Monday, June 2, 2008

If at first you don't succeed...

Yearbook typos are funny (and I say this as a former yearbook editor who died a little inside each time she found a typo in her finished project, so actually by "funny" I mean "AAAAAAAAA!"), but check out the comment from the yearbook company at the end of this article about spellcheck turning evil. Dude, if it's happening EVERY YEAR, maybe at some point you want to work out a way of fixing the system? Maybe, call me crazy, but perhaps DISABLING FREAKING SPELLCHECK?

(Also, could someone open up Blogger's spellcheck and add the word "spellcheck?" Kthxbai. And add "kthxbai" while you're in there.)

1... 2...

A musician I never got to see, clothes I never got to wear (though I don't so much care about that), and (ETA: one committed product designer whose work I know rather well).

1. Bo Diddley, noted gunslinger.



2. Yves Saint Laurent, noted popularizer of women's pantsuits.
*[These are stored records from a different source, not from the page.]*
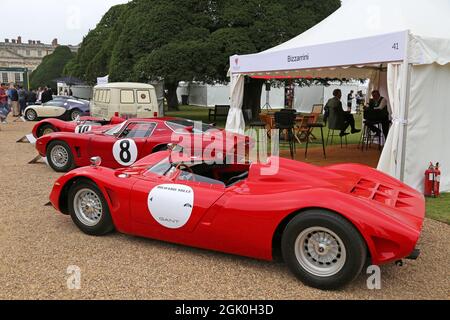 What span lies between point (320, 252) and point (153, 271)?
58.4 inches

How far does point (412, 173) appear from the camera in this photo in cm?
662

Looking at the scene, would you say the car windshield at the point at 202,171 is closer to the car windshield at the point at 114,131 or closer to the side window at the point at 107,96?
the car windshield at the point at 114,131

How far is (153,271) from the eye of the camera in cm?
381

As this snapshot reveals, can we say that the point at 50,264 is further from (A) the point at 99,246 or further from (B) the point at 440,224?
(B) the point at 440,224

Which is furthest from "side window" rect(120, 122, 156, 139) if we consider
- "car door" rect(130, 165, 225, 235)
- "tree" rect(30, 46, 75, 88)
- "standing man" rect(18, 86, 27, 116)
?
"tree" rect(30, 46, 75, 88)

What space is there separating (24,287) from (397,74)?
18.9 ft

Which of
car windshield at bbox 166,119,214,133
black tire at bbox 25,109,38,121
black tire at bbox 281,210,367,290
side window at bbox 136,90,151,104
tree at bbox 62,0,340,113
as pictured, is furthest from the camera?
black tire at bbox 25,109,38,121

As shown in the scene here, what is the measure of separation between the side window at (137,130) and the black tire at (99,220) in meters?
3.28

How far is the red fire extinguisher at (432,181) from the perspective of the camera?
6555 millimetres

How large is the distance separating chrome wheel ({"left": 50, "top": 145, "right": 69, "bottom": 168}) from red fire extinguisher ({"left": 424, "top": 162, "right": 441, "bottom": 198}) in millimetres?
6515

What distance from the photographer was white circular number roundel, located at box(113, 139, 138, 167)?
7840mm

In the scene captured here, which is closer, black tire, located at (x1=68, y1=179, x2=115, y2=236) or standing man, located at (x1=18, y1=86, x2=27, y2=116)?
black tire, located at (x1=68, y1=179, x2=115, y2=236)

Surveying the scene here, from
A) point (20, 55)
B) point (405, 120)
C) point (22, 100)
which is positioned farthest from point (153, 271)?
point (20, 55)

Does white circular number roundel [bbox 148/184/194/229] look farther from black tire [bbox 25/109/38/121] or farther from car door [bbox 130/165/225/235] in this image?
black tire [bbox 25/109/38/121] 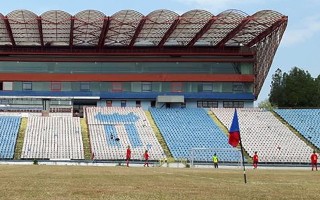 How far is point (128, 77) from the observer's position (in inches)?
2773

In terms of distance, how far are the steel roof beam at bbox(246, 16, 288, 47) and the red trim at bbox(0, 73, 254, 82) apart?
14.5 feet

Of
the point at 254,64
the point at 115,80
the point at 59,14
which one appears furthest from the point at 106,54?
→ the point at 254,64

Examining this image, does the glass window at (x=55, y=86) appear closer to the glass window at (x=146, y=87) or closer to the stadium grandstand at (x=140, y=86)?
the stadium grandstand at (x=140, y=86)

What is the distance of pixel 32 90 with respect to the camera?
229 feet

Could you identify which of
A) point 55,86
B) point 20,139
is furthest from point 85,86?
point 20,139

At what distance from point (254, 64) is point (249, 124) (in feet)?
41.9

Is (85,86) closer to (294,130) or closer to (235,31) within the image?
(235,31)

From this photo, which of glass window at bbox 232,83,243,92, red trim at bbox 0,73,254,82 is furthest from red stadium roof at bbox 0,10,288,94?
red trim at bbox 0,73,254,82

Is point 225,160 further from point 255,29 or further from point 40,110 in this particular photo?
point 40,110

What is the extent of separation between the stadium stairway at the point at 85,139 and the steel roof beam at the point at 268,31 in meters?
23.1

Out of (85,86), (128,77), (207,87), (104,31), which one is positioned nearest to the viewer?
(104,31)

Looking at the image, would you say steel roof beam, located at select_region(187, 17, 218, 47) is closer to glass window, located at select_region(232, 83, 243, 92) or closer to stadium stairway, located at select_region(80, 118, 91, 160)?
glass window, located at select_region(232, 83, 243, 92)

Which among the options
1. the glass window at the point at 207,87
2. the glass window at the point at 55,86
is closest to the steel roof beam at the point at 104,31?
the glass window at the point at 55,86

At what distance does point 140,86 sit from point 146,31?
33.9ft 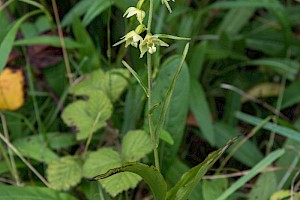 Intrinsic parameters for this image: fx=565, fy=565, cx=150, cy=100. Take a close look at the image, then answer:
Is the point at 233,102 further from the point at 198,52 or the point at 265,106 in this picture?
the point at 198,52

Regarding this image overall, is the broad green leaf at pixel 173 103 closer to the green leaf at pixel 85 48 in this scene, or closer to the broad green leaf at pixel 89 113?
the broad green leaf at pixel 89 113

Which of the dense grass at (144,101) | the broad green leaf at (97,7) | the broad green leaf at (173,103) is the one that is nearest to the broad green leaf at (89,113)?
the dense grass at (144,101)

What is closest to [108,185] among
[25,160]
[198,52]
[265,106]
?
[25,160]

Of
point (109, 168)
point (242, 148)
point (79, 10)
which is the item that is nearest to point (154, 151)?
point (109, 168)

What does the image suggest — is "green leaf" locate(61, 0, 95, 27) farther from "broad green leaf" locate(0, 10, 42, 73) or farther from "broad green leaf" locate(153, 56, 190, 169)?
"broad green leaf" locate(153, 56, 190, 169)

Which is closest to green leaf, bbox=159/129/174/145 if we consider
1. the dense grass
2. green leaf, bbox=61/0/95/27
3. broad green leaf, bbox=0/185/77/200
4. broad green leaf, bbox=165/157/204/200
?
the dense grass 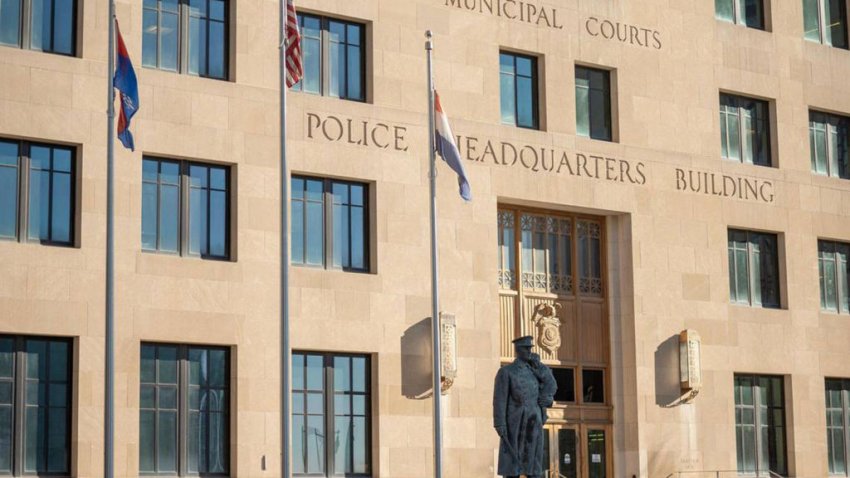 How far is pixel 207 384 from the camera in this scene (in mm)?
29312

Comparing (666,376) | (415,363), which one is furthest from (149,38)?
(666,376)

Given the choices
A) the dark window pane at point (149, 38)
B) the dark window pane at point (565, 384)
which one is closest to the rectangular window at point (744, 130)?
the dark window pane at point (565, 384)

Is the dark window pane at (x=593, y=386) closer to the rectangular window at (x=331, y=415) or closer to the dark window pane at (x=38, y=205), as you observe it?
the rectangular window at (x=331, y=415)

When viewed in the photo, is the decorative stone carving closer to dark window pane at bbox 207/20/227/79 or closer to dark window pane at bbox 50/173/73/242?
dark window pane at bbox 207/20/227/79

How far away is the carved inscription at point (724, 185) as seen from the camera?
3716 cm

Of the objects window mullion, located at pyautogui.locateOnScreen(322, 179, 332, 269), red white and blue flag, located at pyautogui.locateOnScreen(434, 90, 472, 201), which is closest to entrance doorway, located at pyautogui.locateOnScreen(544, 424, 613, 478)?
window mullion, located at pyautogui.locateOnScreen(322, 179, 332, 269)

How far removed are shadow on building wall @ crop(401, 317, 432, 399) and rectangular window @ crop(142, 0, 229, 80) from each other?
6.60 meters

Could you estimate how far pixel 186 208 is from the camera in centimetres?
2953

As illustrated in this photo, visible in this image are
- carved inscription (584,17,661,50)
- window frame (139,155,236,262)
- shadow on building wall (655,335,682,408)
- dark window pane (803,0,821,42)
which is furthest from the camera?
dark window pane (803,0,821,42)

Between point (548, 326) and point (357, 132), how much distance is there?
663 cm

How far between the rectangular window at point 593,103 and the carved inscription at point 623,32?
0.88 metres

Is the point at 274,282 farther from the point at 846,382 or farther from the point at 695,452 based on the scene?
the point at 846,382

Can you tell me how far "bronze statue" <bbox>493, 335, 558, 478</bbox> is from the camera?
25.2 m

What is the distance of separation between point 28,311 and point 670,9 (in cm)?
1829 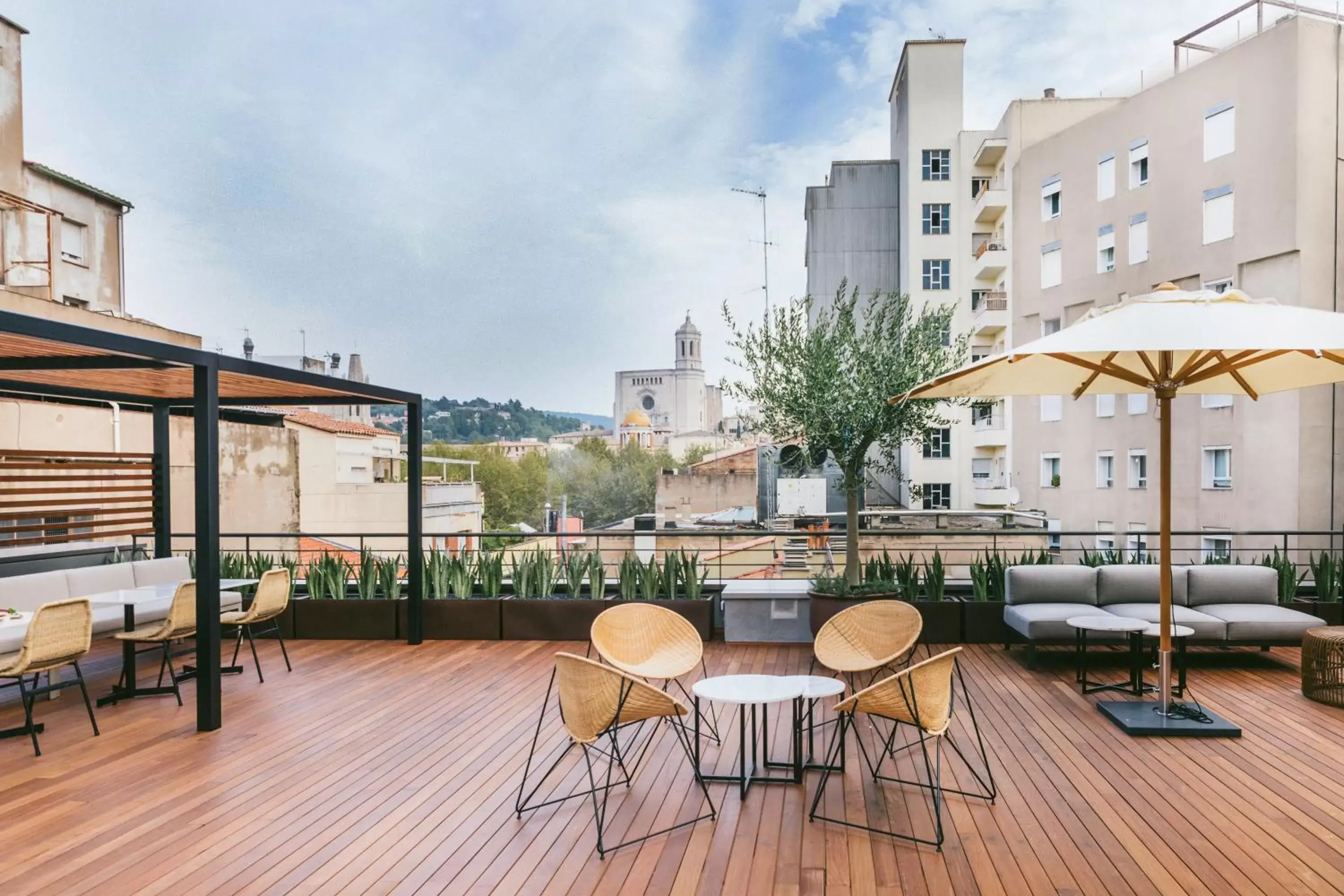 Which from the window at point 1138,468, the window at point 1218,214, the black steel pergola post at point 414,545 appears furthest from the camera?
the window at point 1138,468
3. ...and unless something big happens (get well soon, Teddy Kennedy; I don't want you in the Trifecta for a long time yet ETA: you either, Byrd! stop that!), I'm gonna go with Mr. Fredric J. Baur, inventor of the Pringles can -- not because he's recent (he died last month), not because he gives us a well-balanced Trifecta, but because this commercial extolling his smart design is just too fun.



Mr. Baur, very proud of his invention, had a portion of his ashes buried in a Pringles can. And that dear friends is commitment. (Confidential to any Gunn family members passing through: Remember the ringtoss game Dad made out that used the plastic rings off the top of the old-school Pringles cans? That was a very cool ringtoss. I wish I'd told him so.)